Start of Given data
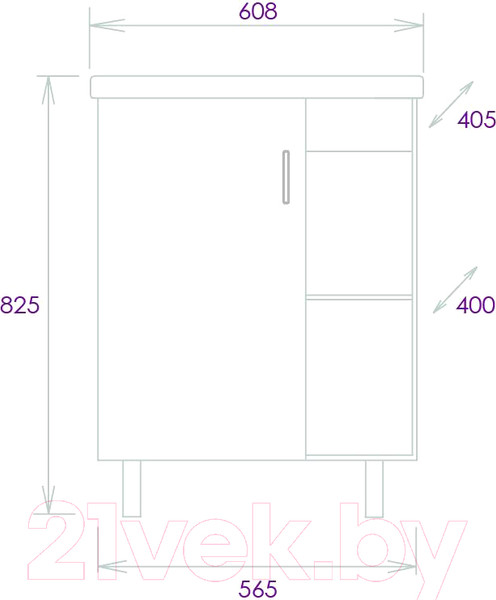 Изображение товара Тумба под умывальник Onika Тимбер 50 (105035)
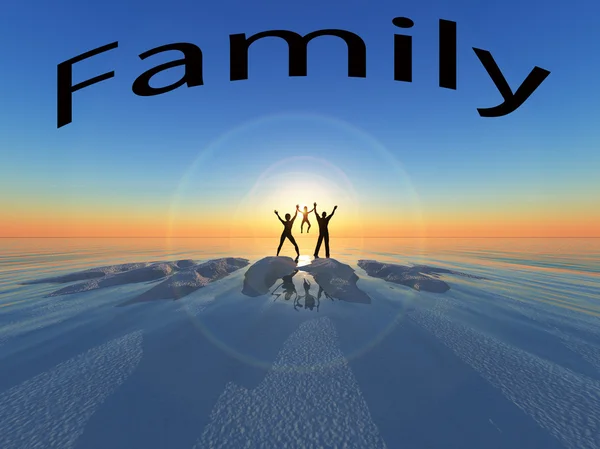 Sonnenaufgang der Familie — Stockfoto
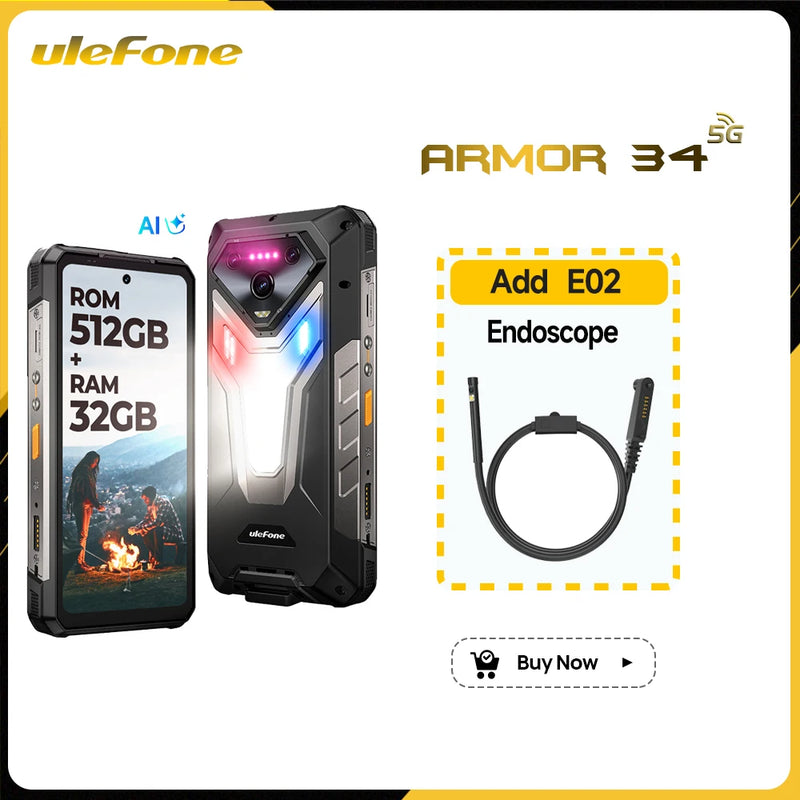 Ulefone Armor 34+ 5G Rugged Phone Smartphone Android 15 25500mAh 66W Up to 32GB+512GB 6.95" 120Hz Display Versatile LED Light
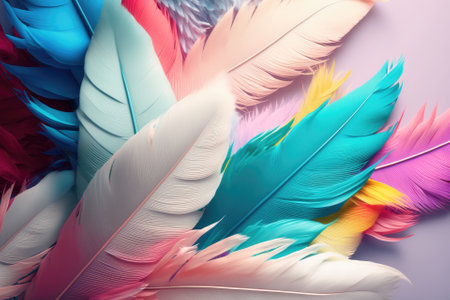 Background banner with a rainbow of pastel colored angel feathers, with a pile of long feathers in the lower left corner. Generative AIの素材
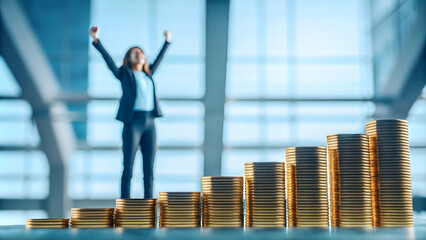 Businesswoman Celebrating Success with Raised Arms Symbolizing Achievement in Professional Setting - Stock Photo Concept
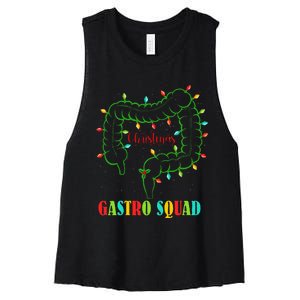 Gastro Nurse Squad Funny Christmas Lights Gastroenterologist Women's Racerback Cropped Tank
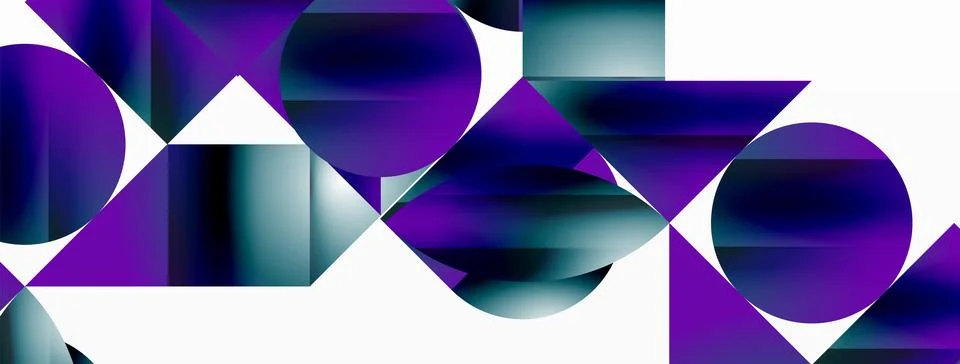 Serene gradient template. Circles and triangles mingle in minimalist perfection Stock Illustration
End of Given data
# Problem requirements
Each line from the one containing "Gastro Nurse Squad" through the final line of the data must be reproduced exactly, both ends included, with no pictures in the copy.

# Exercise result
 Gastro Nurse Squad Funny Christmas Lights Gastroenterologist Women's Racerback Cropped Tank
 Serene gradient template. Circles and triangles mingle in minimalist perfection Stock Illustration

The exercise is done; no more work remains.